After a snow slide Sunday, Jan. 17, the Colorado Department of Transportation announced that conditions on CO 14 had improved enough to allow driving to resume Jan. 18, connecting Fort Collins to Walden through Cameron Pass.
The highway was closed to the public Sunday, Jan. 17 due to avalanche concerns after snow covered a section of road 40 feet long and three feet deep. The next day, enough repair had been completed to resume transportation through Cameron Pass. There were no fatalities from the avalanche, but crews were not able to complete work on the site until Monday, Jan. 18 due to avalanche conditions.
According to CDOT spokesman Jared Fiel, the last time CO 14 was closed due to an avalanche threat was more than four years ago.
Open: CO 14 Cameron Pass after avalanche reduction work.
— CDOT (@ColoradoDOT) Jan. 18, 2016
Avalanches in Colorado are graded on a scale from code D1 to D5 based on destructive damage. A D1 avalanche poses little threat to humans, whereas a D5 avalanche could potentially “gouge the landscape,” according to a document released by the Colorado Avalanche Information Center. The CO 14 snow slide was not deemed to be dangerous enough to receive a grade.

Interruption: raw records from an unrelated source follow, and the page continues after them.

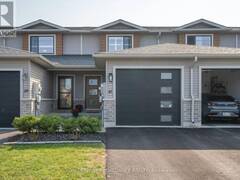 41 RIDGEWAY PLACE Belleville Ontario, K8P 0E7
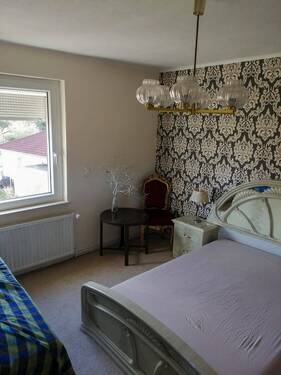 Schlafzimmer OG - 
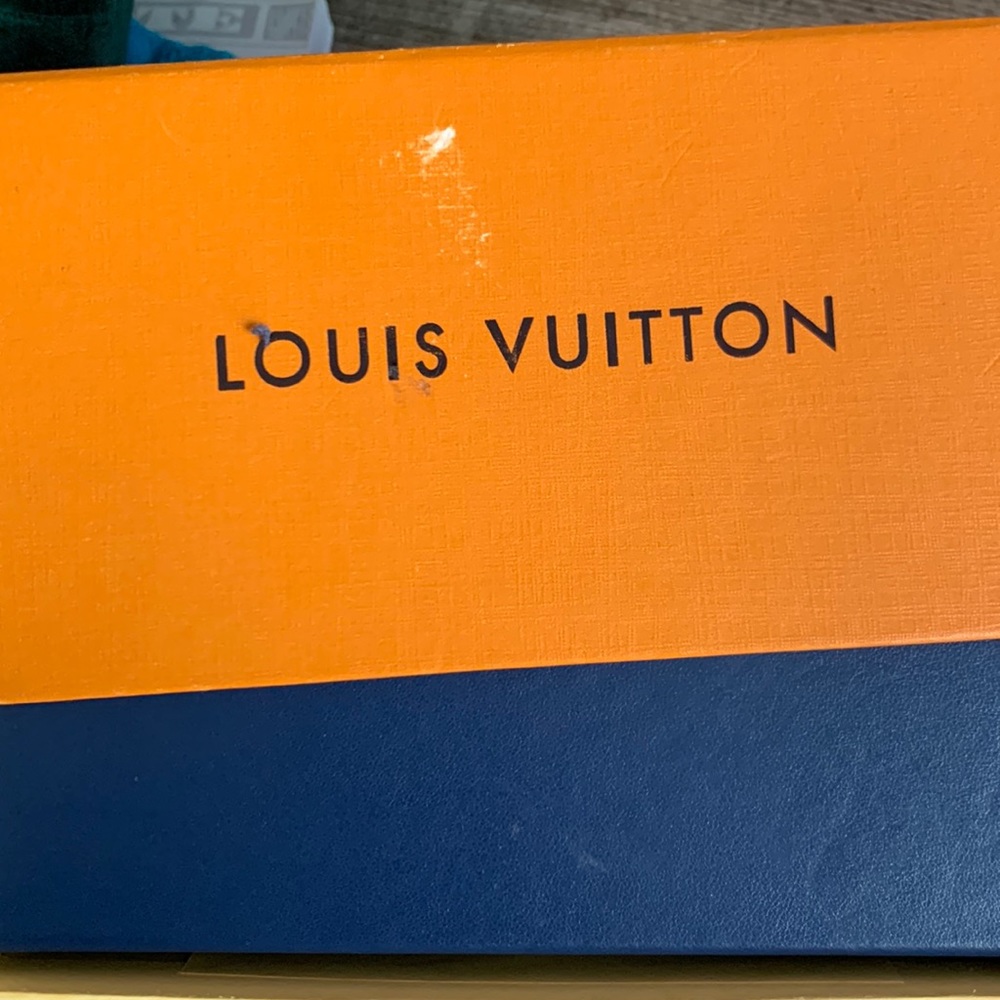 Louis Vuitton glasses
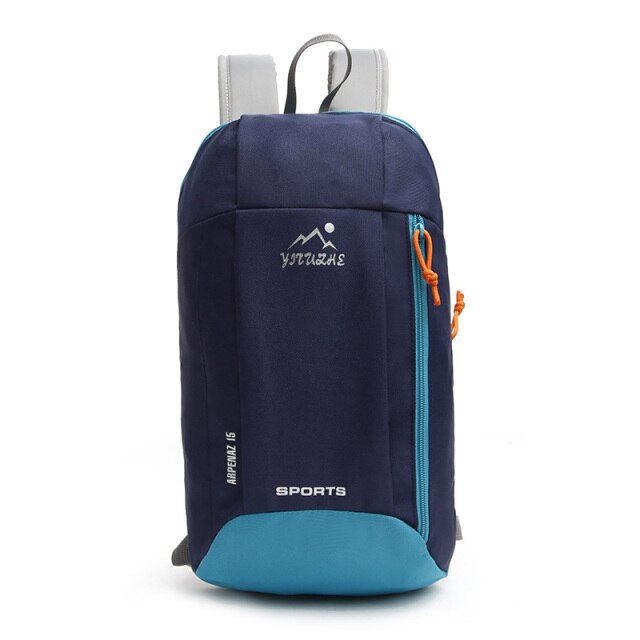 Waterproof Gym Cycling Bag Women Foldable Backpack Nylon eprolo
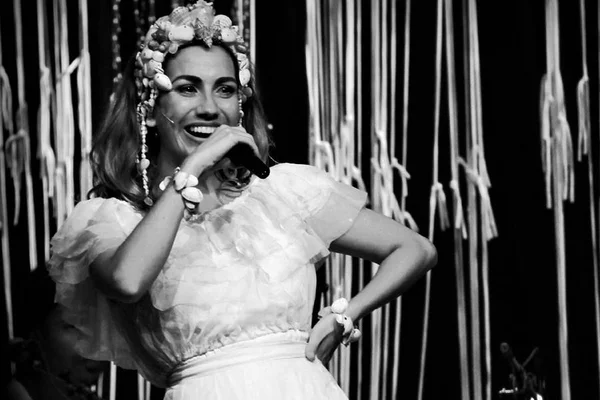Musical “Deixa Clarear”, sobre Clara Nunes, estreia em Brasília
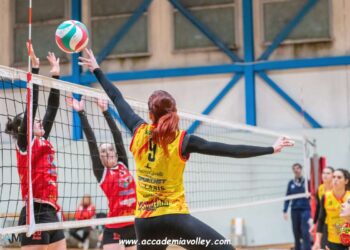 Accademia fermata a un passo dall’impresa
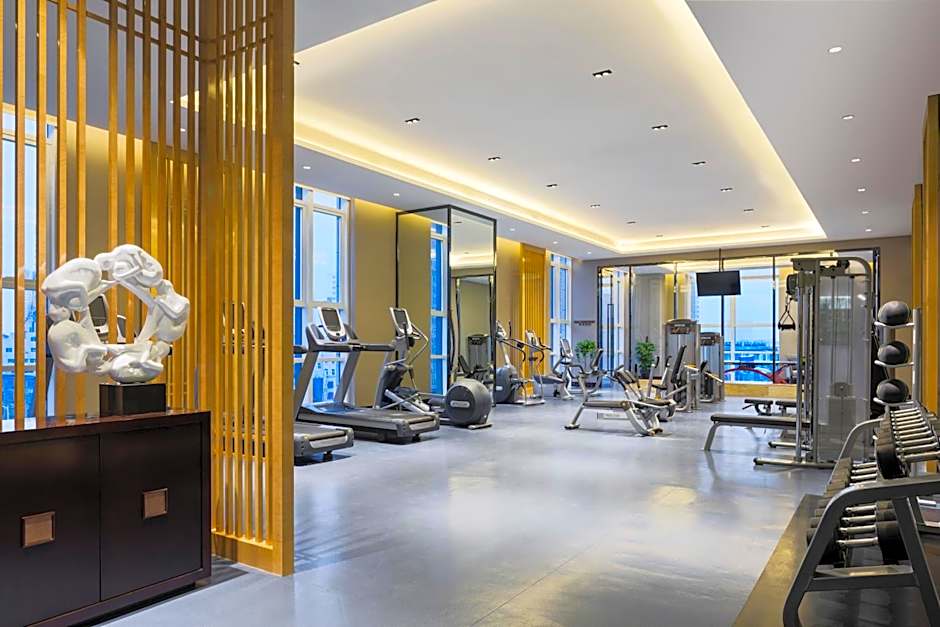 Wanda Realm Dandong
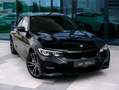 BMW 330 e M Sport Aut. Schwarz - thumbnail 4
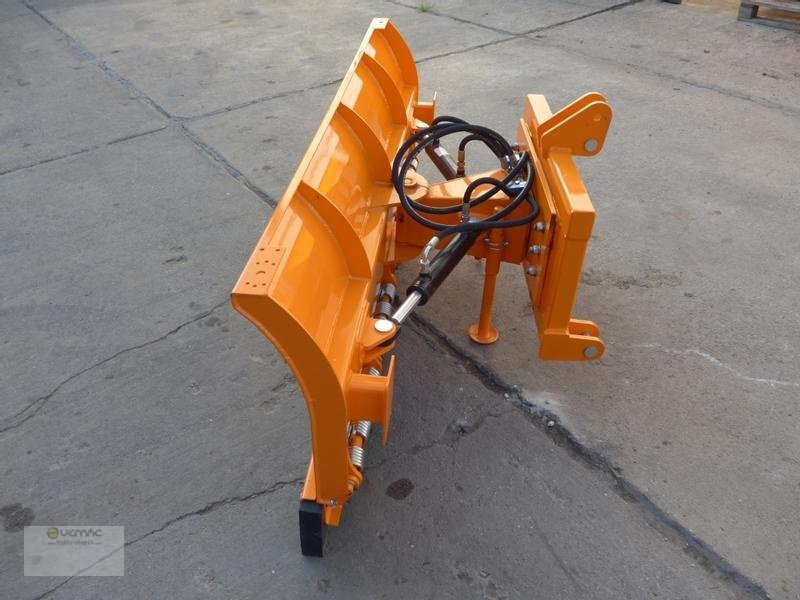 Vemac Standard 220 Schneepflug Schneeschild Schneeschieber NEU - Отвал для снега: фото 1 Vemac Standard 220 Schneepflug Schneeschild Schneeschieber NEU - Отвал для снега: фото 1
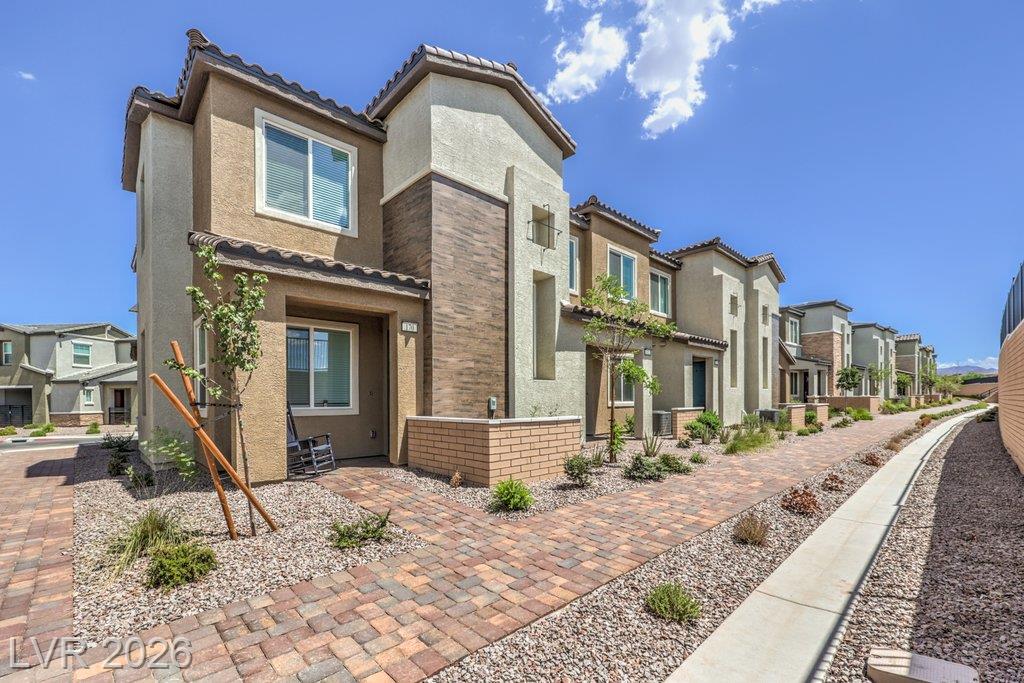 172 Freeport View Place, Henderson, NV 89011 — photo 1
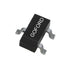 3401 by Goford Semiconductor - MOSFET P-CH 30V 4.2A SOT-23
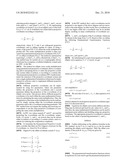 METHOD FOR ELLIPTIC CURVE SCALAR MULTIPLICATION USING PARAMETERIZED PROJECTIVE COORDINATES diagram and image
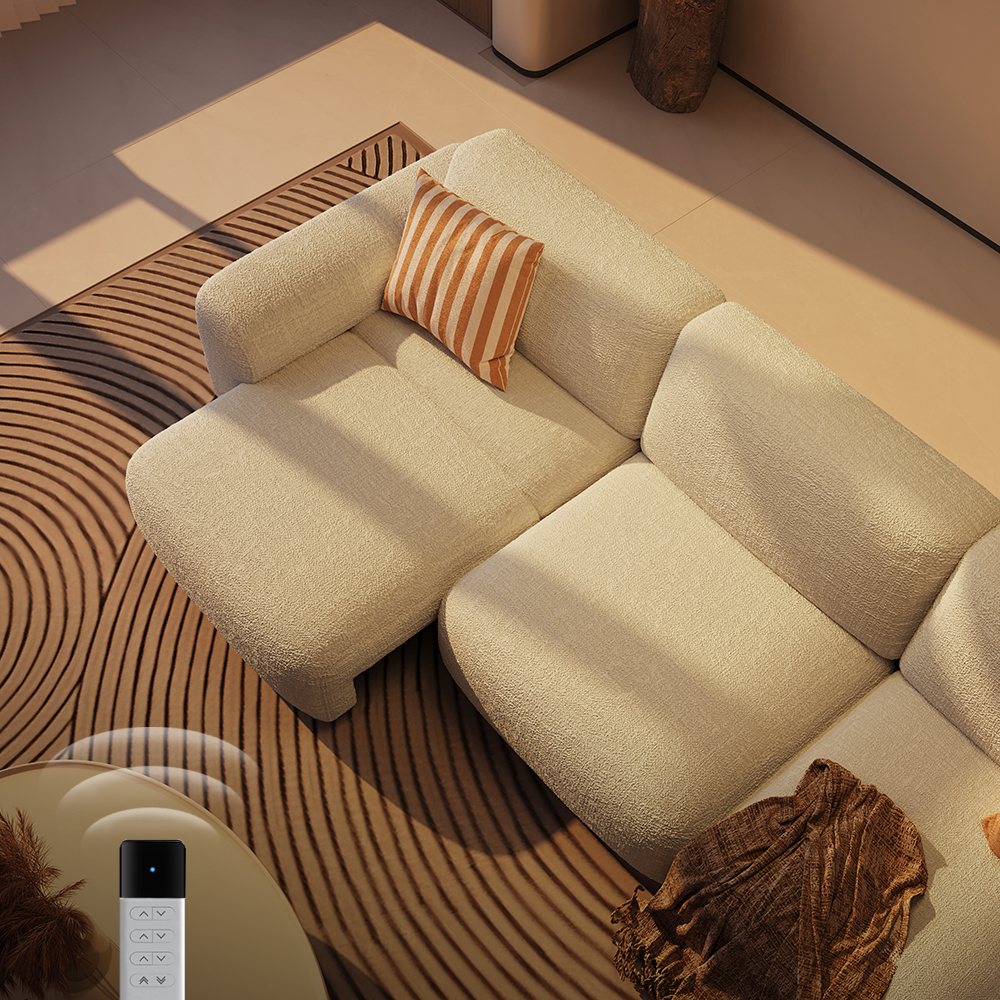 Size and Space Efficiency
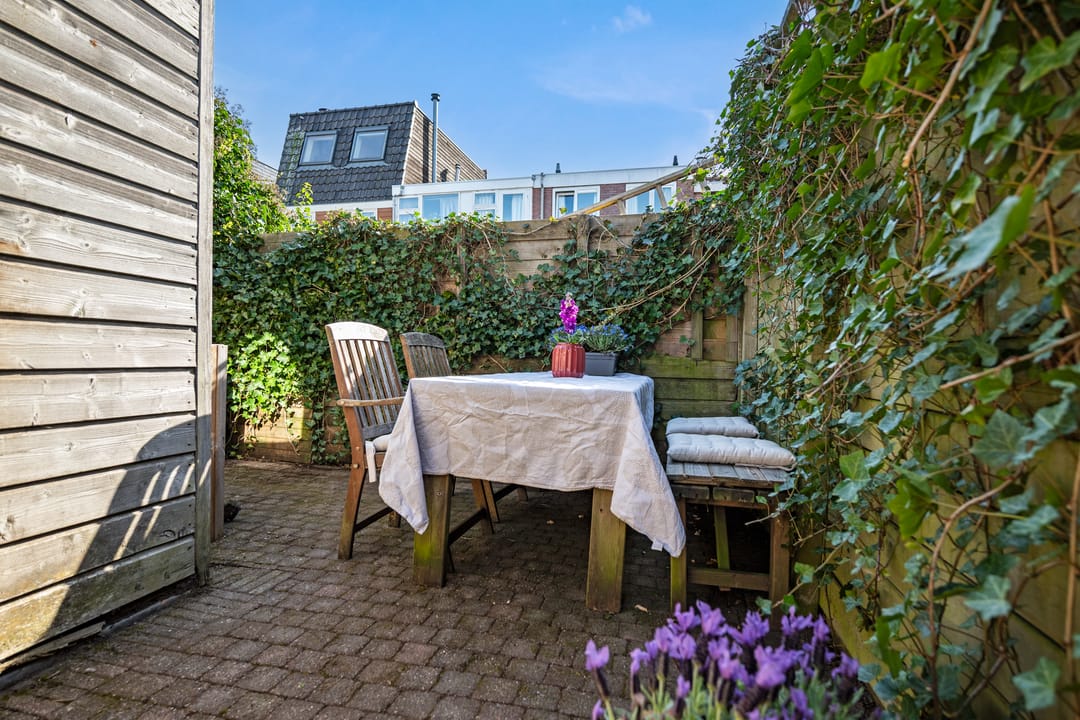 Foto 22 van Generaal De la Reijstraat 30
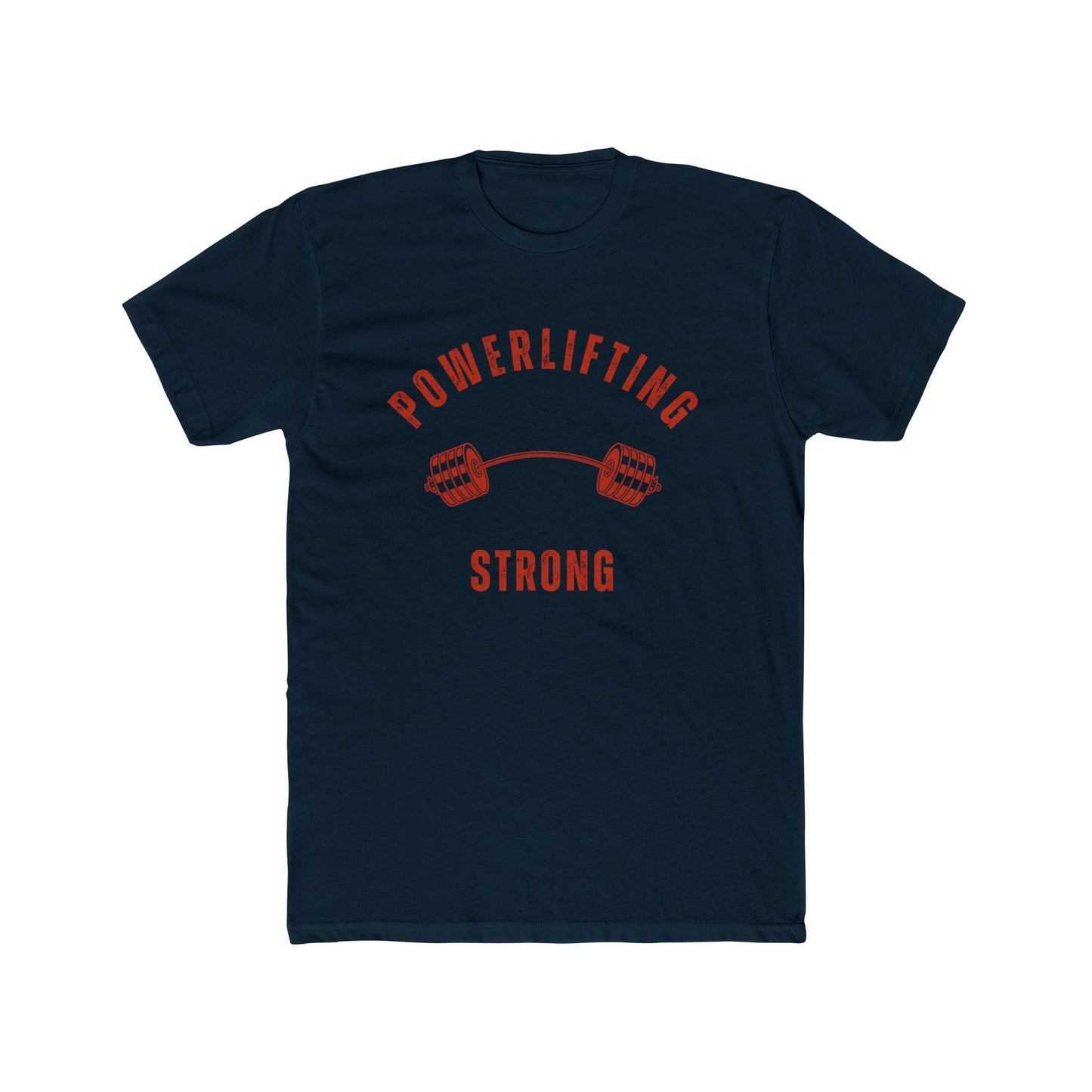 powerlifting strong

Avalanches in Colorado are not an uncommon occurrence — as of Jan. 26, there have been 216 avalanches in the state, just 38 of which occurred in the Front Range and the Steamboat Springs areas, according to the Colorado Avalanche Information Center. The first fatality from an avalanche in Colorado occurred Jan. 21 when a snowmobile driver at Ruby Peak triggered an avalanche and was caught in the snow at around noon.